### PROVIDED RECORDS
+ + + + + + +

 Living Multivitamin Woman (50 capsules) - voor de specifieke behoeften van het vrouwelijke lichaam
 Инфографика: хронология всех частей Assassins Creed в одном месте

+ + + + + + +

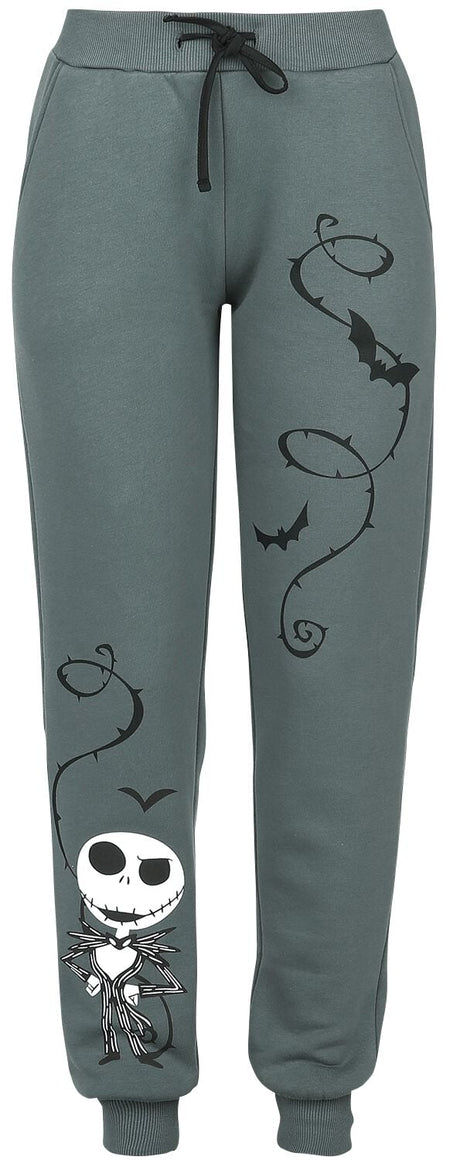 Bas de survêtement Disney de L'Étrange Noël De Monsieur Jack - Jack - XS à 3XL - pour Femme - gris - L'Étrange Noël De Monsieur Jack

+ + + + + + +

### INSTRUCTIONS FOR THE TASK
Search the listing above for the lines with "Living Multivitamin Woman" and "Инфографика: хронология всех", then output those lines and all lines between them exactly.

### SOLUTION
 Living Multivitamin Woman (50 capsules) - voor de specifieke behoeften van het vrouwelijke lichaam
 Инфографика: хронология всех частей Assassins Creed в одном месте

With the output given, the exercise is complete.